I'd love to see a thread on recovery. We all hope we'll never need to
know but it would be fantastic to have tips and tricks at hand.

Bill

Tony Gravagno

unread,
Jul 12, 2012, 1:50:55 PM7/12/12
to InterSy...@googlegroups.com
> From: Bill Farrell
> In Pick we could do a SEL.RESTORE and pull back selected items. In
> Cache', what we were left with was the transaction log. Not a very
> easy thing to work with.

(Caution, this rambling could be a waste of your time, maybe not if
you aren't familiar with logging in general)

I have no Cache'-specific insight into the issues you're having on
this, Bill, but can only comment on the above. Sel-restore is only
good for items saved in an account-save the night prior to an event.
All of the other Pick platforms support transaction logging too, and
they are no easier or more difficult to use in the current situation.
A logger like this records transactions in the order they're written
to disk. If the application is written to use transaction bracketing,
which most of the other Pick platforms support, then entire business
transactions, not just data file transactions, will be restored, or
not, to ensure referential integrity. I don't know if or how that's
done manually with any MV system; like you and most others it's just
not an area that I've explored but it would be interesting to
understand the capabilities of the various systems.

A transaction logger writes transactions sequentially to a queue which
is usually saved off to removable media or a different system. Ideally
the queue only exists for a few seconds but some "un-de-queued" logs
can accumulate into terabytes if gone unchecked. The point here is
that you're asking about a utility to do something on an entity that
shouldn't exist. I know that in D3, the outbound queue can be parsed
with BASIC but I don't know about other platforms. However, and here's
the point, we wouldn't parse the queue to retrieve specific
transactions and not others. Such a thing would have to be done
surgically, and because getting that wrong can cause as much damage as
the problem that prompted the effort, I doubt the DBMS providers would
spend too much time making this easy. Consider that the queue is
sequentially written in time and that your system processes data
sequentially in time as well. Your system makes decisions based on
available data: This record doesn't exist so it will write that
record, or the counter is set to this, so it will be incremented to
that. Reaching into the queue and pulling out transactions can mess
with that logic. Further, remember that unless the application is
transaction bracketed, which very few are, pulling a single disk
update out of context is very problematic, and even doing this
programmatically you would need to manually find and retrieve all data
operations associated with a specific bracketed transaction in order
to recover that event.
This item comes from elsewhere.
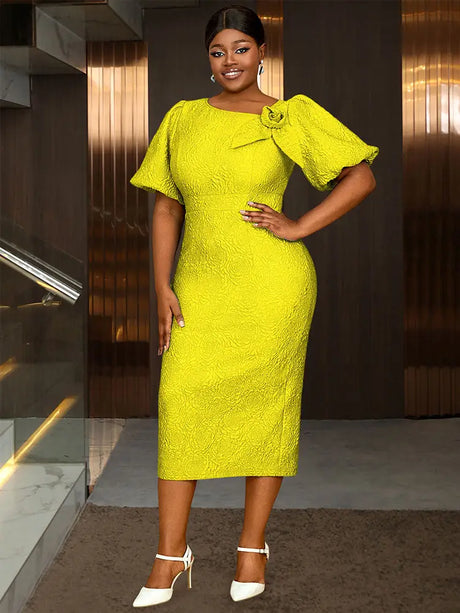 AOMEIDRESS Summer V Collar Party Outfits for Women 3D Flower Short Bubble Sleeve Yellow / S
A good utility would allow for that of course,
but does anyone have such a beast for the tiny audience that might
ever use it?

All in all, I know you just want to restore the integrity of the data
as of a moment in time. That's tough because as above at any moment
any number of transactions were in flux. Logging does exactly that, it
allows for restoring to a specific moment in time but ironically in
all of these systems, when you finally do restore to that point, where
everything was still in flux, even with logging you're left with a
system that isn't referentially in-tact, but you do have all of your
data! The solution, again, is transaction bracketing at the business
transaction level, and I know Very few applications that have ever had
this implemented, though one could argue that any "real" application
should. YMMV

As I said above, the rambling doesn't go anywhere but may serve as a
base for comments about what Cache' actually does support in this
context.

Good luck,
T

Michael Cohen

unread,
Jul 12, 2012, 3:39:08 PM7/12/12
to intersy...@googlegroups.com
Hi Bill,

I am sorry, but your question is not clear to me (not an old-time MV user, so not familiar with SEL.RESTORE).

If you are talking about Disaster Recovery, what is the scenario?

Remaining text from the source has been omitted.